** What you are asked to do **
Among the lines of data below, reproduce only those from the one with "首例国产脊柱手术机器人，成功完成临床试验" through the one with "Emma Raducanu lächelt", exactly as they stand, both ends included.

────────

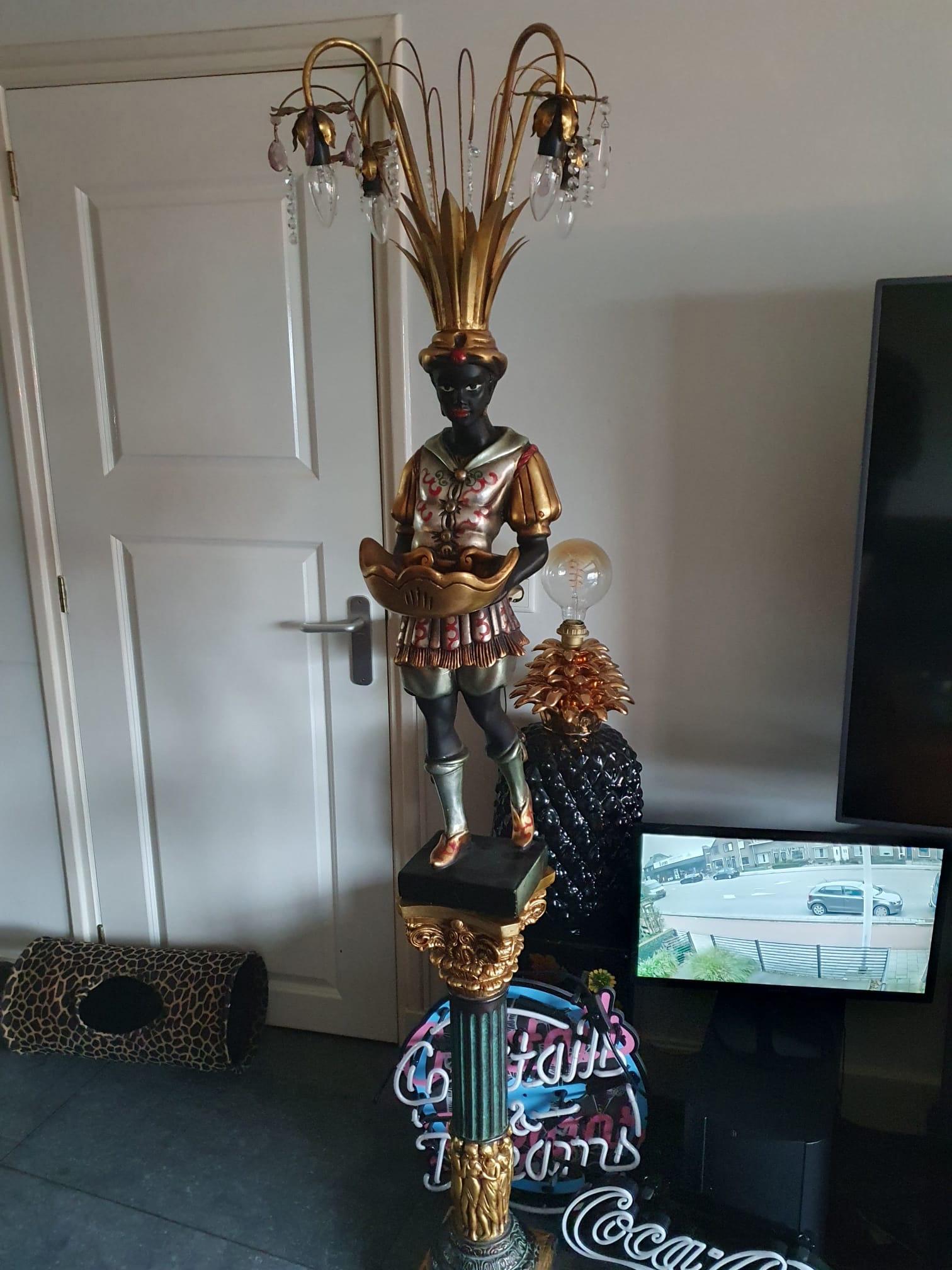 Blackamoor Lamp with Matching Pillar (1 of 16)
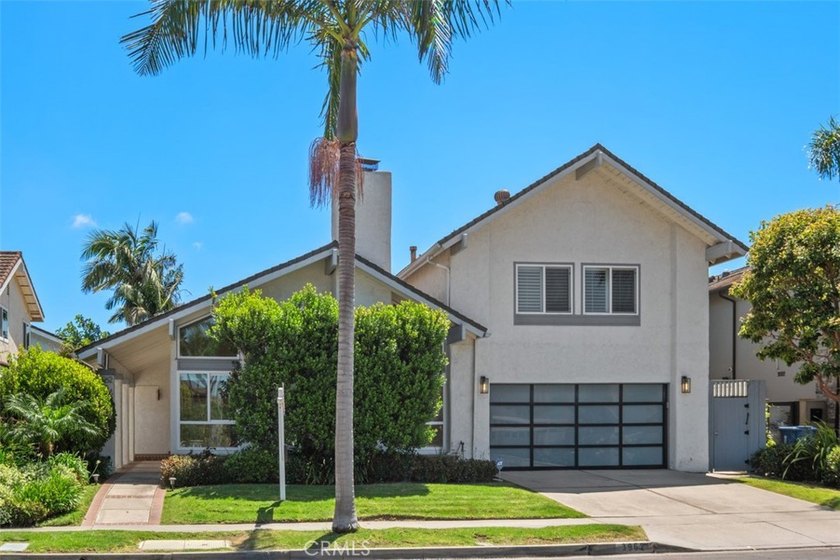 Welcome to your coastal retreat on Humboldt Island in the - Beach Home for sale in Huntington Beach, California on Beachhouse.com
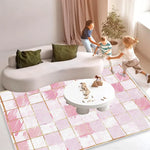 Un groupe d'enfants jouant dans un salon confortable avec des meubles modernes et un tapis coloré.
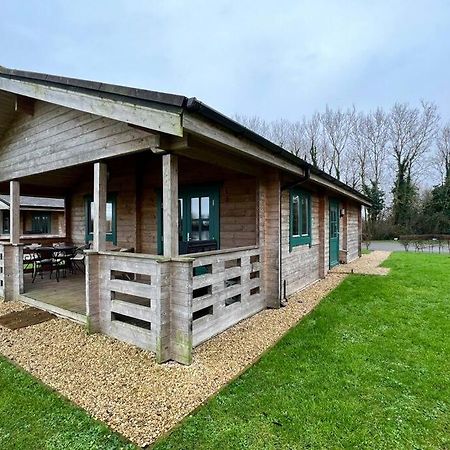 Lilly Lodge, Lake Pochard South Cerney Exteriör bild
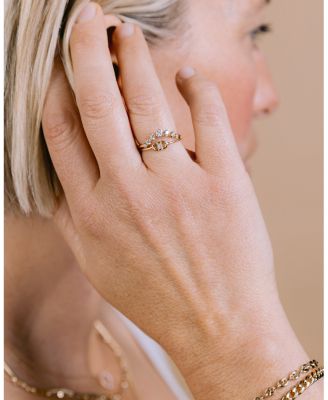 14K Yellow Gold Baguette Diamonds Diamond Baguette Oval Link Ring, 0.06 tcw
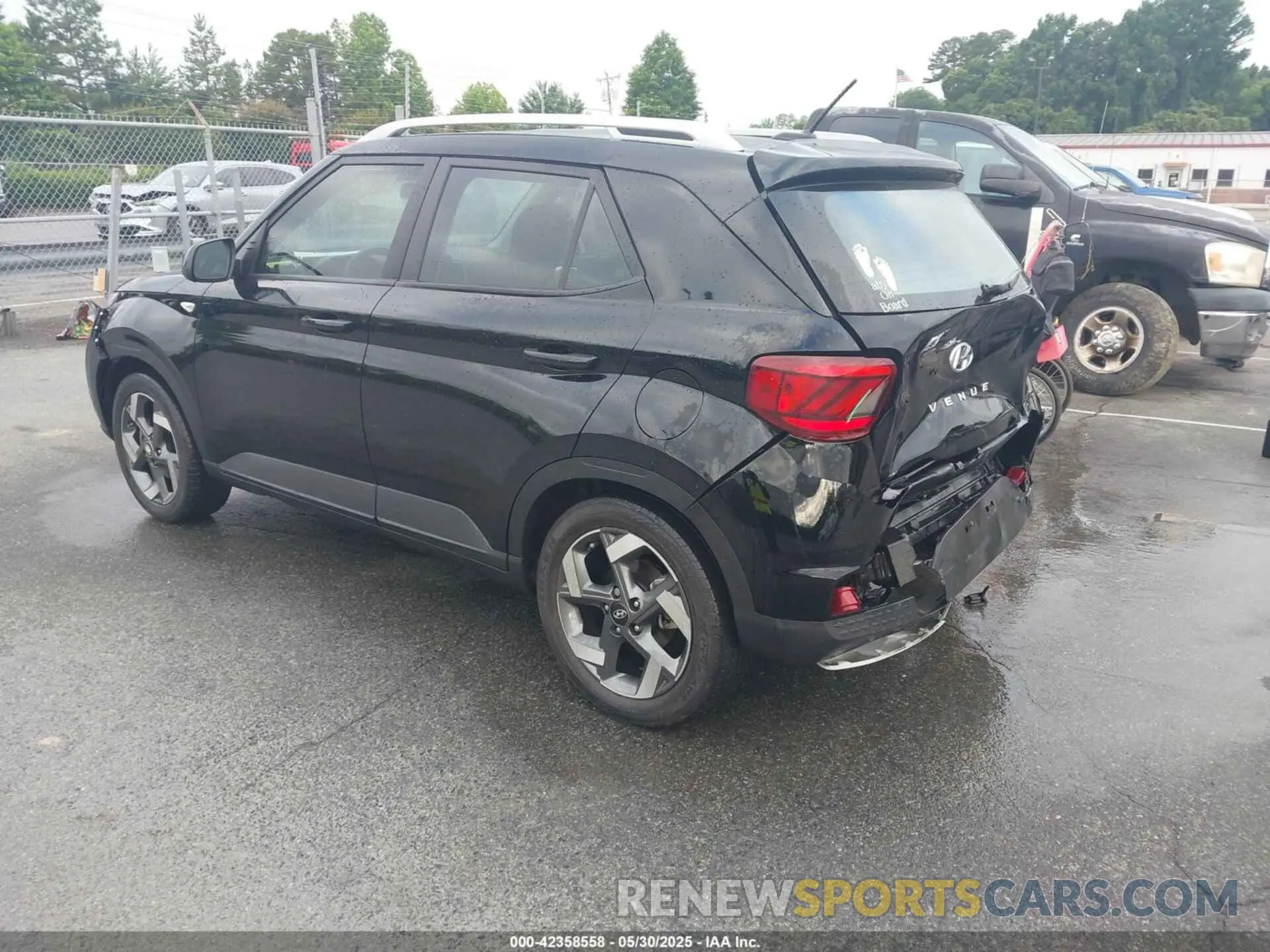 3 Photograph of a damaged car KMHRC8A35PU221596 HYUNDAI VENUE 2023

────────

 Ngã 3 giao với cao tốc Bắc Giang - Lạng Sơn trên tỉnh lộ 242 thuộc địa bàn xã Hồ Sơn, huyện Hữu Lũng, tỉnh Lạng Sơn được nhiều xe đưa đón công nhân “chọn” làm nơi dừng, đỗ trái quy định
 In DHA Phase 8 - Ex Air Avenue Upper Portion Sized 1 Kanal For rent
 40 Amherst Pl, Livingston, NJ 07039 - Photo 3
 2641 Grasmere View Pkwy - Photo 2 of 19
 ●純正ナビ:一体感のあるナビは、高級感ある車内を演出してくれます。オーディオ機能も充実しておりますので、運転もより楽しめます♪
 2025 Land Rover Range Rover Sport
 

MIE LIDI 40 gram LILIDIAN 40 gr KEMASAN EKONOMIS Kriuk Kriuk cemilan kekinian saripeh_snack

────────

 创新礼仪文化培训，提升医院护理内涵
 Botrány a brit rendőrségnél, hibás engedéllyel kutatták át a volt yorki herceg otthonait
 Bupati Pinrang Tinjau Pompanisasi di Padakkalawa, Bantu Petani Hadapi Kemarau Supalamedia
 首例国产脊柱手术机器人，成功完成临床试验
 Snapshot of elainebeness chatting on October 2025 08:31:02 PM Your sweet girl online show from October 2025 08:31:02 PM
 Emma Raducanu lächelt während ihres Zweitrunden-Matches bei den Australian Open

────────

** Output below **
 首例国产脊柱手术机器人，成功完成临床试验
 Snapshot of elainebeness chatting on October 2025 08:31:02 PM Your sweet girl online show from October 2025 08:31:02 PM
 Emma Raducanu lächelt während ihres Zweitrunden-Matches bei den Australian Open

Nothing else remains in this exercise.